**REQUIRED ACTION:** Transcribe the data that follows precisely, omitting nothing.

** Opening STUDY MATERIAL block **

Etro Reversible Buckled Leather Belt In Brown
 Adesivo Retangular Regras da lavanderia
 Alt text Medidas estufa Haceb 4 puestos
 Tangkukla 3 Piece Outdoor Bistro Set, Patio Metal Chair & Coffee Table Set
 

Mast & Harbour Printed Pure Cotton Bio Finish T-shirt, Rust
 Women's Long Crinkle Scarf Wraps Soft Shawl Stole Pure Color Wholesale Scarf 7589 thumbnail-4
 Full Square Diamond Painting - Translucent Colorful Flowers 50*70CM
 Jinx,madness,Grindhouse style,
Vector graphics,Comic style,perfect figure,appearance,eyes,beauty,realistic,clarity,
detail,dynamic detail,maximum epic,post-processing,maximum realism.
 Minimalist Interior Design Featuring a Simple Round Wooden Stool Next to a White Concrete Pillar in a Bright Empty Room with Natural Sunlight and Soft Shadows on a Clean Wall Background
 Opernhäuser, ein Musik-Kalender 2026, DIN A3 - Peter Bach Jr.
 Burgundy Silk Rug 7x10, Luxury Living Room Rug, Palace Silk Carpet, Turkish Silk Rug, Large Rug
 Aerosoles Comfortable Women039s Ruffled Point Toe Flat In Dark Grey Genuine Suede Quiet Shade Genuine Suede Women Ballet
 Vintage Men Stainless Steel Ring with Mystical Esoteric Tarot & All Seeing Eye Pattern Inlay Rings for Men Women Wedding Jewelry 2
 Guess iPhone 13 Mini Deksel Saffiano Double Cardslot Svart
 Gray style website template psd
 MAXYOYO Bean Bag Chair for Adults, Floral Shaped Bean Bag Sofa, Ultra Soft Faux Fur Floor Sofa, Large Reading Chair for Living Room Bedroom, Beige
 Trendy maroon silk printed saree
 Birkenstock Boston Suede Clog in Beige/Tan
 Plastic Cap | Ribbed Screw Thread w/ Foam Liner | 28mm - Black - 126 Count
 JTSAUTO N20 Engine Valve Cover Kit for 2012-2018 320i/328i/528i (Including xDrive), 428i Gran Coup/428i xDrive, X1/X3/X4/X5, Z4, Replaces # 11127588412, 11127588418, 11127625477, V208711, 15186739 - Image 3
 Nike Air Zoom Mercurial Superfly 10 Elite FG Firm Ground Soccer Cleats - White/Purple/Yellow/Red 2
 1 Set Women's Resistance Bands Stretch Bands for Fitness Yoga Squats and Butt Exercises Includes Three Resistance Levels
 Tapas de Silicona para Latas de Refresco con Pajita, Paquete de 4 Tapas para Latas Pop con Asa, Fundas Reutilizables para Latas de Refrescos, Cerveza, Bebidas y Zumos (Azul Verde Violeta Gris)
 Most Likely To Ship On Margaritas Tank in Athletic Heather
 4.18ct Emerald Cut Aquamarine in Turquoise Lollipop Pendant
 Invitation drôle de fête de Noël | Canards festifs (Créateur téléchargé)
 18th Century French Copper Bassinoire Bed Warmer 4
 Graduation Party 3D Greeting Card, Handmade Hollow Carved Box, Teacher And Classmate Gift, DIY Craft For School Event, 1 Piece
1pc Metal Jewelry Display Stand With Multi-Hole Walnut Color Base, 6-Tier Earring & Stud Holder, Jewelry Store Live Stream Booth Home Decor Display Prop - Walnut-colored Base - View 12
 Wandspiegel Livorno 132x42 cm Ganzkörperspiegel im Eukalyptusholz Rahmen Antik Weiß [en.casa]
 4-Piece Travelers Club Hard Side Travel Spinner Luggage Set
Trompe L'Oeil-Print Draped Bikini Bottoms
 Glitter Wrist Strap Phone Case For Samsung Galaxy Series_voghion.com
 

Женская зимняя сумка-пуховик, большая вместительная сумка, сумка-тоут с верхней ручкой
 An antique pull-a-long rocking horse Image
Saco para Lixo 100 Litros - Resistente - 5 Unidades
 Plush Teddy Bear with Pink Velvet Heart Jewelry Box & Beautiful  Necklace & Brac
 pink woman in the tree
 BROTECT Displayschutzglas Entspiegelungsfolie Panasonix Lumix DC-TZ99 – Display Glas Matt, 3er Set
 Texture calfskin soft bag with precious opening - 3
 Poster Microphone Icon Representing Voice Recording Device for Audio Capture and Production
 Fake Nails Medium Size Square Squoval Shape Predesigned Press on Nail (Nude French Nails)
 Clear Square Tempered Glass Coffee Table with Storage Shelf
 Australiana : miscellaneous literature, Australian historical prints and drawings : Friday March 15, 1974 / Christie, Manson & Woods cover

** Closing STUDY MATERIAL block **

**RESULT OF THIS TASK:**
Etro Reversible Buckled Leather Belt In Brown
 Adesivo Retangular Regras da lavanderia
 Alt text Medidas estufa Haceb 4 puestos
 Tangkukla 3 Piece Outdoor Bistro Set, Patio Metal Chair & Coffee Table Set
 

Mast & Harbour Printed Pure Cotton Bio Finish T-shirt, Rust
 Women's Long Crinkle Scarf Wraps Soft Shawl Stole Pure Color Wholesale Scarf 7589 thumbnail-4
 Full Square Diamond Painting - Translucent Colorful Flowers 50*70CM
 Jinx,madness,Grindhouse style,
Vector graphics,Comic style,perfect figure,appearance,eyes,beauty,realistic,clarity,
detail,dynamic detail,maximum epic,post-processing,maximum realism.
 Minimalist Interior Design Featuring a Simple Round Wooden Stool Next to a White Concrete Pillar in a Bright Empty Room with Natural Sunlight and Soft Shadows on a Clean Wall Background
 Opernhäuser, ein Musik-Kalender 2026, DIN A3 - Peter Bach Jr.
 Burgundy Silk Rug 7x10, Luxury Living Room Rug, Palace Silk Carpet, Turkish Silk Rug, Large Rug
 Aerosoles Comfortable Women039s Ruffled Point Toe Flat In Dark Grey Genuine Suede Quiet Shade Genuine Suede Women Ballet
 Vintage Men Stainless Steel Ring with Mystical Esoteric Tarot & All Seeing Eye Pattern Inlay Rings for Men Women Wedding Jewelry 2
 Guess iPhone 13 Mini Deksel Saffiano Double Cardslot Svart
 Gray style website template psd
 MAXYOYO Bean Bag Chair for Adults, Floral Shaped Bean Bag Sofa, Ultra Soft Faux Fur Floor Sofa, Large Reading Chair for Living Room Bedroom, Beige
 Trendy maroon silk printed saree
 Birkenstock Boston Suede Clog in Beige/Tan
 Plastic Cap | Ribbed Screw Thread w/ Foam Liner | 28mm - Black - 126 Count
 JTSAUTO N20 Engine Valve Cover Kit for 2012-2018 320i/328i/528i (Including xDrive), 428i Gran Coup/428i xDrive, X1/X3/X4/X5, Z4, Replaces # 11127588412, 11127588418, 11127625477, V208711, 15186739 - Image 3
 Nike Air Zoom Mercurial Superfly 10 Elite FG Firm Ground Soccer Cleats - White/Purple/Yellow/Red 2
 1 Set Women's Resistance Bands Stretch Bands for Fitness Yoga Squats and Butt Exercises Includes Three Resistance Levels
 Tapas de Silicona para Latas de Refresco con Pajita, Paquete de 4 Tapas para Latas Pop con Asa, Fundas Reutilizables para Latas de Refrescos, Cerveza, Bebidas y Zumos (Azul Verde Violeta Gris)
 Most Likely To Ship On Margaritas Tank in Athletic Heather
 4.18ct Emerald Cut Aquamarine in Turquoise Lollipop Pendant
 Invitation drôle de fête de Noël | Canards festifs (Créateur téléchargé)
 18th Century French Copper Bassinoire Bed Warmer 4
 Graduation Party 3D Greeting Card, Handmade Hollow Carved Box, Teacher And Classmate Gift, DIY Craft For School Event, 1 Piece
1pc Metal Jewelry Display Stand With Multi-Hole Walnut Color Base, 6-Tier Earring & Stud Holder, Jewelry Store Live Stream Booth Home Decor Display Prop - Walnut-colored Base - View 12
 Wandspiegel Livorno 132x42 cm Ganzkörperspiegel im Eukalyptusholz Rahmen Antik Weiß [en.casa]
 4-Piece Travelers Club Hard Side Travel Spinner Luggage Set
Trompe L'Oeil-Print Draped Bikini Bottoms
 Glitter Wrist Strap Phone Case For Samsung Galaxy Series_voghion.com
 

Женская зимняя сумка-пуховик, большая вместительная сумка, сумка-тоут с верхней ручкой
 An antique pull-a-long rocking horse Image
Saco para Lixo 100 Litros - Resistente - 5 Unidades
 Plush Teddy Bear with Pink Velvet Heart Jewelry Box & Beautiful  Necklace & Brac
 pink woman in the tree
 BROTECT Displayschutzglas Entspiegelungsfolie Panasonix Lumix DC-TZ99 – Display Glas Matt, 3er Set
 Texture calfskin soft bag with precious opening - 3
 Poster Microphone Icon Representing Voice Recording Device for Audio Capture and Production
 Fake Nails Medium Size Square Squoval Shape Predesigned Press on Nail (Nude French Nails)
 Clear Square Tempered Glass Coffee Table with Storage Shelf
 Australiana : miscellaneous literature, Australian historical prints and drawings : Friday March 15, 1974 / Christie, Manson & Woods cover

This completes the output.